До сознания Сюзанн только теперь дошло, что тот, кто говорит с ней сейчас, — всего лишь жалкий Спера, и она заглянула мне в глаза. Без всякого отвращения, но удивленно, без всякого чувства враждебности, которое могло бы покрыть ваши щеки румянцем, но говорило бы хоть о каком-то интересе к вам. Сюзанн смотрела на меня, как на человека, свалившегося с луны. Я понял, что потерпел жесточайшее поражение. Сюзанн, видимо, даже не слышала заключительной части моего признания. Черта лысого понимала она, о чем я толкую, — и по наущению какого-то иронического дьявола она открыла мне сердце. Устремив на меня расширенные зрачки, в которых вдвойне отражалась ночь, она промолвила голосом, чья тихость гремит, чья сила гонит суда по морям любви:
— Я люблю полковника.
Я поцеловал ей руку, чувствуя, что эту девушку я любил бы во сто раз охотнее, чем всех, с которыми встречался до сих пор. Ну что ж, кто знаком с приличными мужчинами и женщинами, знает, как разрешаются подобные дела, а кто не знает, все равно будет воображать, что я схватил себя за нос и три месяца бродил тень тенью. Думаете, теперь я стану поносить мадемуазель? Ничуть не бывало! Я сказал, что Сюзанн создана для любви. И повторяю это. У меня те же основания повторять это теперь, как и прежде. Сюзанн красива. Ее глаза подобны крупным алмазам и отбрасывают отблеск красоты. У нее королевская осанка, наклон ее головы, ее плечи и руки — роскошны. Все, что возбуждало во мне любовь, все очарование, которое излучало ее лицо, ее голос и движения, от которых у меня голова шла кругом, — неужели же мне поносить все это? Неужели же мне теперь насмехаться над всем этим, утверждая, что Сюзанн не стоит и мизинца Корнелии?
Я достаточно стар, в руках у меня перебывало немало разных книг, и я смотрю на мир, поднимая взор от их страниц. И все же, быть может, я успевал порой разглядеть хоть краешек шлейфа королевы. Нет, право, я знаю, кто — властительница мира.

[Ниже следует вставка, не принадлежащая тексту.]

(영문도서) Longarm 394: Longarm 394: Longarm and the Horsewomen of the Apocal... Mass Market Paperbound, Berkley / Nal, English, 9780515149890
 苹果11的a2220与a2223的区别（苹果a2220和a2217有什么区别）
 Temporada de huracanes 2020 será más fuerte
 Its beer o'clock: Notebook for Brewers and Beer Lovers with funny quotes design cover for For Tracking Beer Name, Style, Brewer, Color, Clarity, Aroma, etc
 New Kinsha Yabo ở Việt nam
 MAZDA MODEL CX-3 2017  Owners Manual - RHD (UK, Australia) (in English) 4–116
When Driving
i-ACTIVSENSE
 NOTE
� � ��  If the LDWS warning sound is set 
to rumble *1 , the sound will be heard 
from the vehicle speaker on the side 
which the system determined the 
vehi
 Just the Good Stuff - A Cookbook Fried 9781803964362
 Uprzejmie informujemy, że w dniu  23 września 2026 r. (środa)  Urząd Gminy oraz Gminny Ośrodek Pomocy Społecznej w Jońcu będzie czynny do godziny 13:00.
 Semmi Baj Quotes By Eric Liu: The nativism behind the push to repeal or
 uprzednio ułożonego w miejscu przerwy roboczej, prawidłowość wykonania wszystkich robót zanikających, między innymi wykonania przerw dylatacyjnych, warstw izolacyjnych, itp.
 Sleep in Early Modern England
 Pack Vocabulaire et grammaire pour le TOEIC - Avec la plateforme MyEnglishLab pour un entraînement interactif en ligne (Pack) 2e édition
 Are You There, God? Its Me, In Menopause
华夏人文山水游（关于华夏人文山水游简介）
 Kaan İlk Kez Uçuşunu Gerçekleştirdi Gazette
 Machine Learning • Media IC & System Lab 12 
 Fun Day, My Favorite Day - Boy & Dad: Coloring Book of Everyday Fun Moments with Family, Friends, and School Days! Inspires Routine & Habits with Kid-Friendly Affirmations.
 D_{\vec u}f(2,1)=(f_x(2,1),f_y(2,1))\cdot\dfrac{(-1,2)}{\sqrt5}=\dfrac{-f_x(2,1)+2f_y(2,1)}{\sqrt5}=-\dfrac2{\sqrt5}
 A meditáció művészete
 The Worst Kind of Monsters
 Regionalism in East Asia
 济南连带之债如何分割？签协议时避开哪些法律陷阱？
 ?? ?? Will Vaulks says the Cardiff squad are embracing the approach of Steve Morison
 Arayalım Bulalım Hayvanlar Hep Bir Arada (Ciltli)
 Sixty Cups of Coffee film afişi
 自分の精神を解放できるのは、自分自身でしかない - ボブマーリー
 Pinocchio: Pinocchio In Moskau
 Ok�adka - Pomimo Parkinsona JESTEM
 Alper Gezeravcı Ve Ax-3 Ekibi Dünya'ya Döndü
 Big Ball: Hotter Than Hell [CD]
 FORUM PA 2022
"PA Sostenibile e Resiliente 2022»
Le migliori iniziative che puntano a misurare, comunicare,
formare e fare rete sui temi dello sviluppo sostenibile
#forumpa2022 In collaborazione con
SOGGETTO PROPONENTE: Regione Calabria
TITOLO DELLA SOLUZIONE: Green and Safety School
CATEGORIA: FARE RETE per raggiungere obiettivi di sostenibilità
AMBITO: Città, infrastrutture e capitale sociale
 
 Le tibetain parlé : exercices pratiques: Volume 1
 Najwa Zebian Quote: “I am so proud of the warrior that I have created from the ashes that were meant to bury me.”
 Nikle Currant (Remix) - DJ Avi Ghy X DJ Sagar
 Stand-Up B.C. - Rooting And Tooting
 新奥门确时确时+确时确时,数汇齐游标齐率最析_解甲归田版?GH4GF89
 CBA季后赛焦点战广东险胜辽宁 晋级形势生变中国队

Не в силах теперь найти нужное слово, отсылаю вас к Книге книг. Перечитайте то, что написано в Послании к коринфянам!
И клянусь Писанием! Читайте, поглядывая на свою жену и на враждебный стан крохоборов, которые твердят вам: ты смешон, братец! У тебя нос загнулся книзу, и досталась тебе жалкая дурнушка вместо красавицы, которую ты любил.